*EXTRACTED DATA:*
* * *

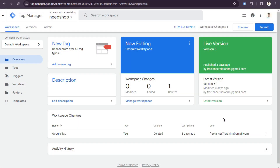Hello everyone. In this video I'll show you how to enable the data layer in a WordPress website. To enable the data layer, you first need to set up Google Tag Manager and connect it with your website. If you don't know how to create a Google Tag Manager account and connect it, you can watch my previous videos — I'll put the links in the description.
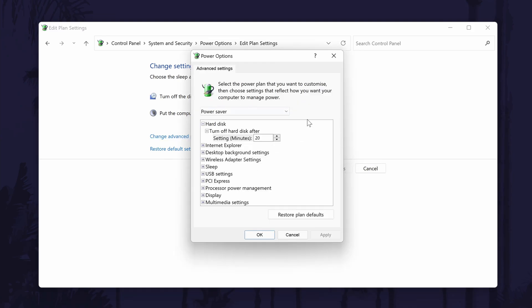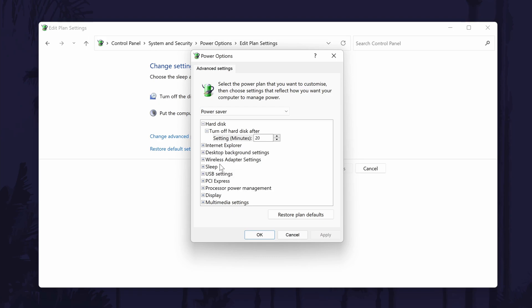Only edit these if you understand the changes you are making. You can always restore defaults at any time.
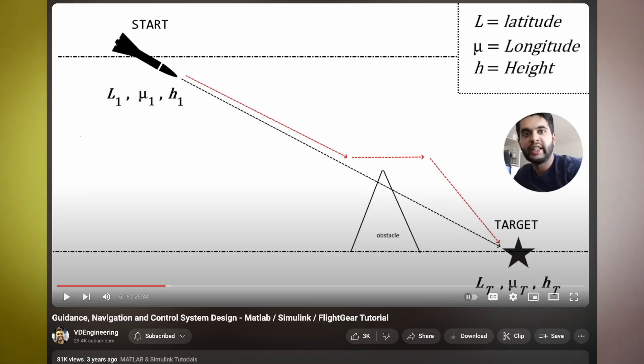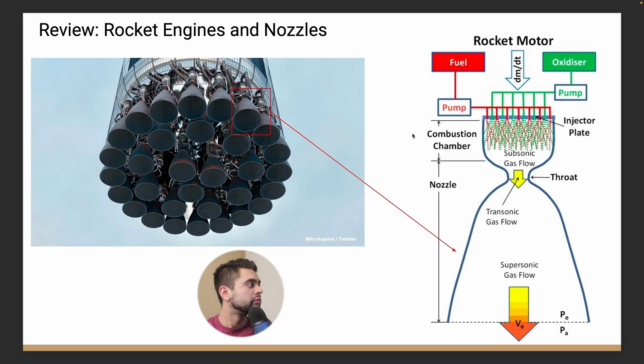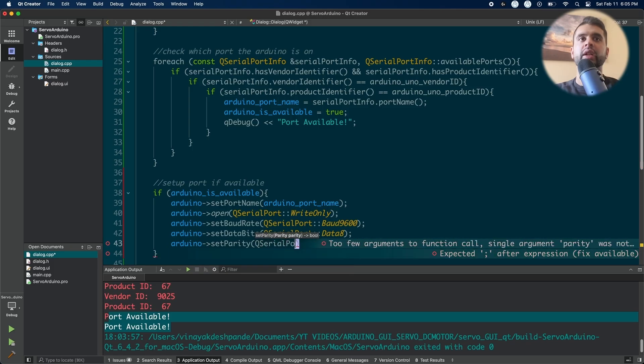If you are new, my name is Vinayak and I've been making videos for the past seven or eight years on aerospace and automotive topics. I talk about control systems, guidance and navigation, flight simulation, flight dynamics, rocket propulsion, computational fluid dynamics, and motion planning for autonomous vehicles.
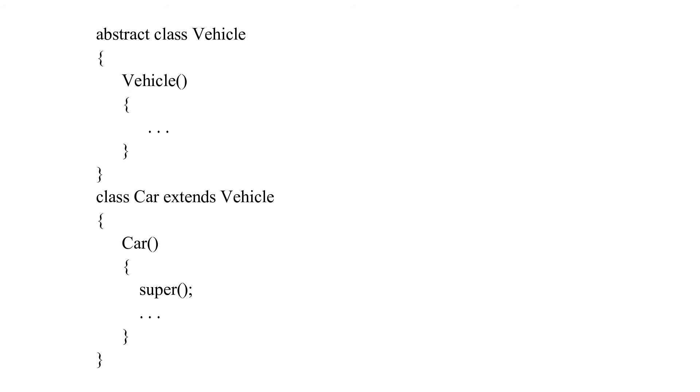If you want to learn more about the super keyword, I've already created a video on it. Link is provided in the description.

* * *

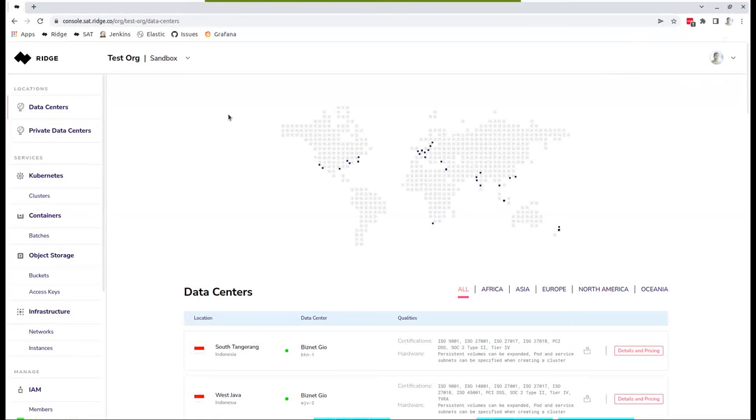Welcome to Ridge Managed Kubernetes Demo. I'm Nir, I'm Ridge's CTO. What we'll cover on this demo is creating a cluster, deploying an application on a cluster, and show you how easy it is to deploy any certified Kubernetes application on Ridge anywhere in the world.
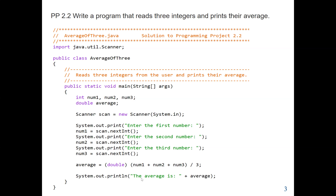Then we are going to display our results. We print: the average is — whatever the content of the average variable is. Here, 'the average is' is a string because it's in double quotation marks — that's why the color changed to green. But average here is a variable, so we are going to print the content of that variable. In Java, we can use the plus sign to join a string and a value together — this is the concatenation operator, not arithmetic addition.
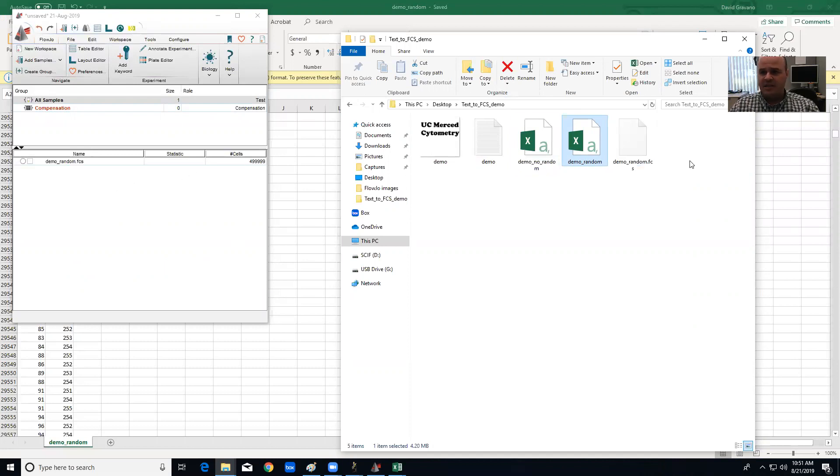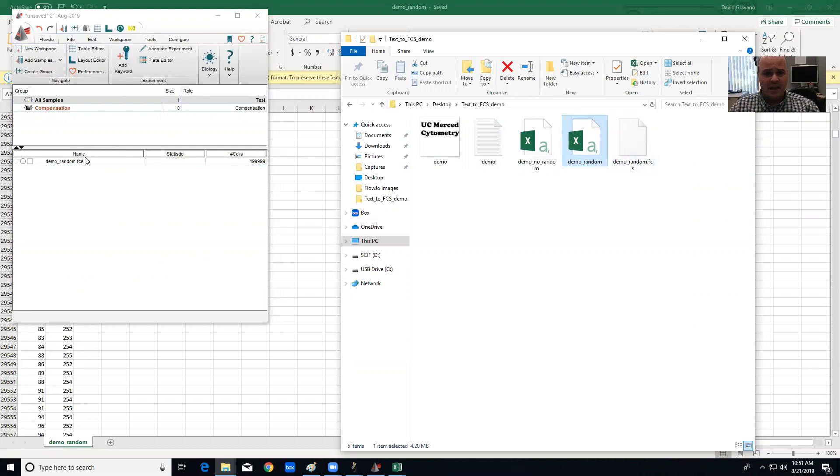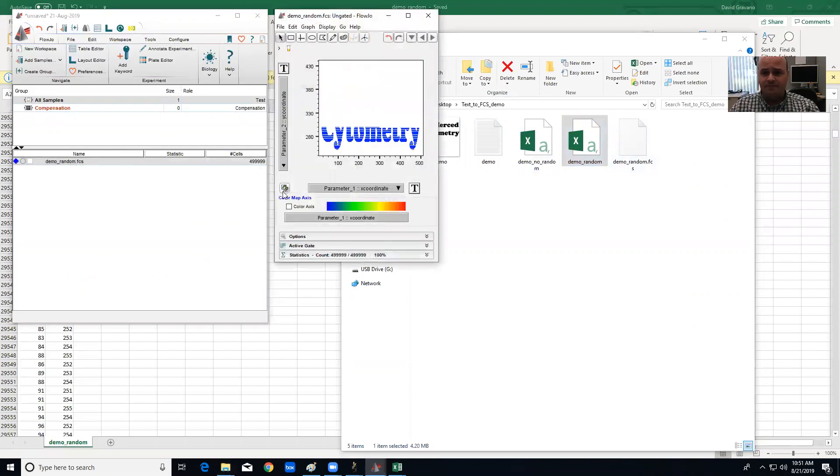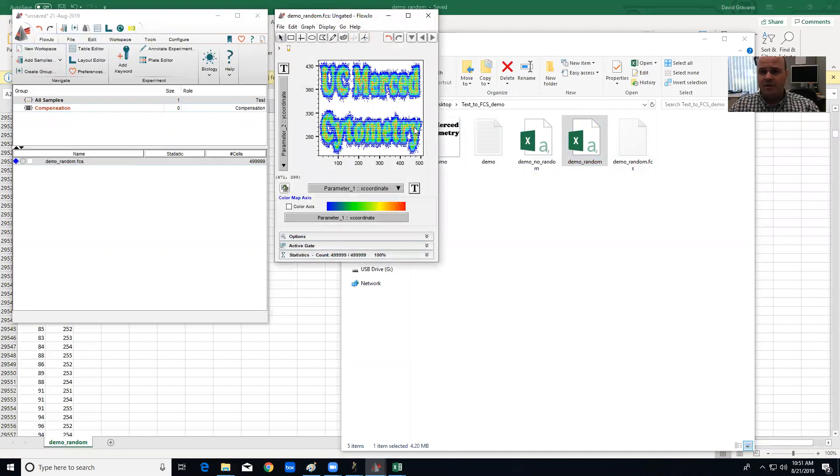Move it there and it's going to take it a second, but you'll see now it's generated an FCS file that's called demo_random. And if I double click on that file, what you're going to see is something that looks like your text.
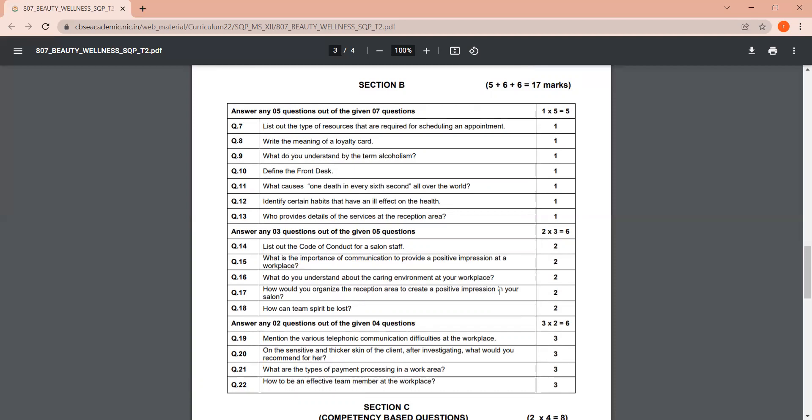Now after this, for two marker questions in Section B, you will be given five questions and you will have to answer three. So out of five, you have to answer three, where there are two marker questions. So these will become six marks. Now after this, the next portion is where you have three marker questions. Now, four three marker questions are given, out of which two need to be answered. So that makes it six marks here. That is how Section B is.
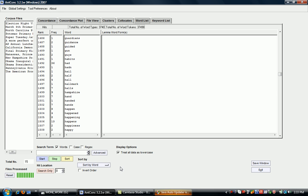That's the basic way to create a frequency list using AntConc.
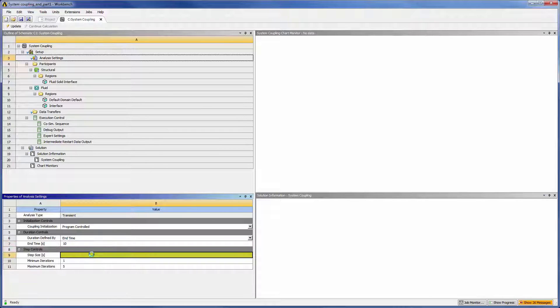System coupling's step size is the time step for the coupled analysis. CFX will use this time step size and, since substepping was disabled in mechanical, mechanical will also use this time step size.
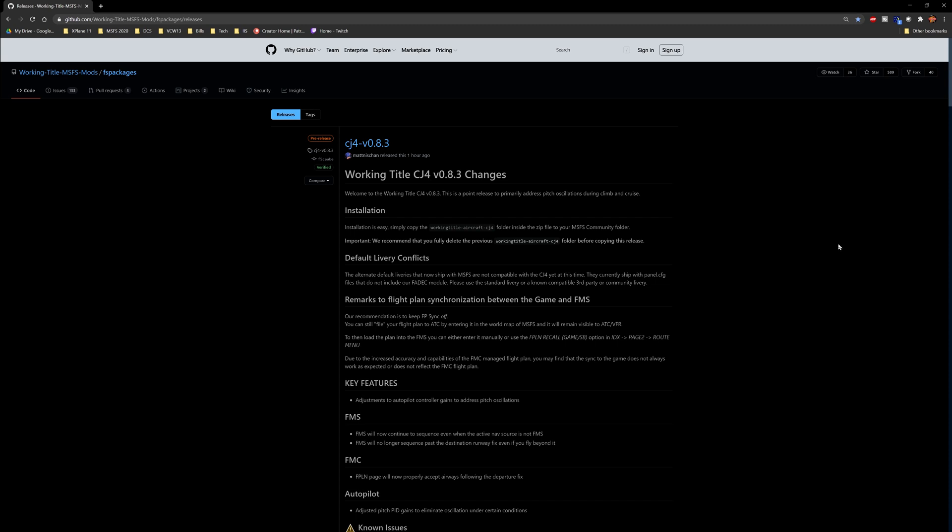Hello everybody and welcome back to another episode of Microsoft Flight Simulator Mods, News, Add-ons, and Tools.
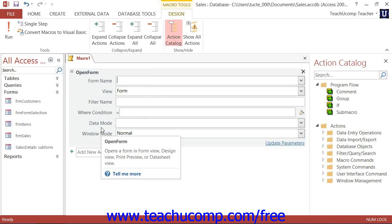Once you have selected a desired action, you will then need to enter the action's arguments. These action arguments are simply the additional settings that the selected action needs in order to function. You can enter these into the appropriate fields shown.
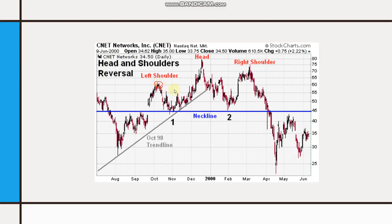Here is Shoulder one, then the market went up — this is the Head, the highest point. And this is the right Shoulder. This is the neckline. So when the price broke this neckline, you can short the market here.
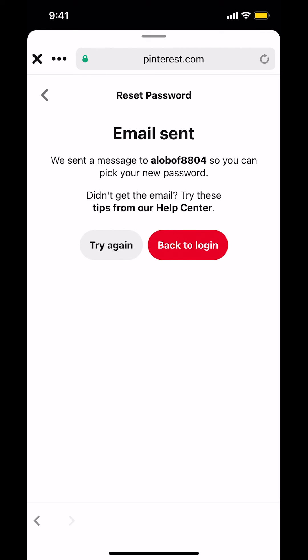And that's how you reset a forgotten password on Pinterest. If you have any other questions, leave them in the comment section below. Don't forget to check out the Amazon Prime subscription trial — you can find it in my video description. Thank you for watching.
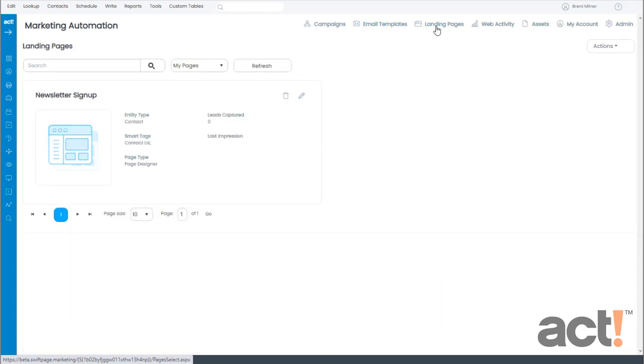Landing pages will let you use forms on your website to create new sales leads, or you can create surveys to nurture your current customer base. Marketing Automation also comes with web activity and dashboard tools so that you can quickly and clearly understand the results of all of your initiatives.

* * *

*EXERCISE DESCRIPTION:* The expected output is the lines above from the one containing "Hello everyone. In" to the one containing "Only edit these", both ends included, reproduced exactly with every picture left out.

*RESPONSE BOX:*
Hello everyone. In this video I'll show you how to enable the data layer in a WordPress website. To enable the data layer, you first need to set up Google Tag Manager and connect it with your website. If you don't know how to create a Google Tag Manager account and connect it, you can watch my previous videos — I'll put the links in the description.
Only edit these if you understand the changes you are making. You can always restore defaults at any time.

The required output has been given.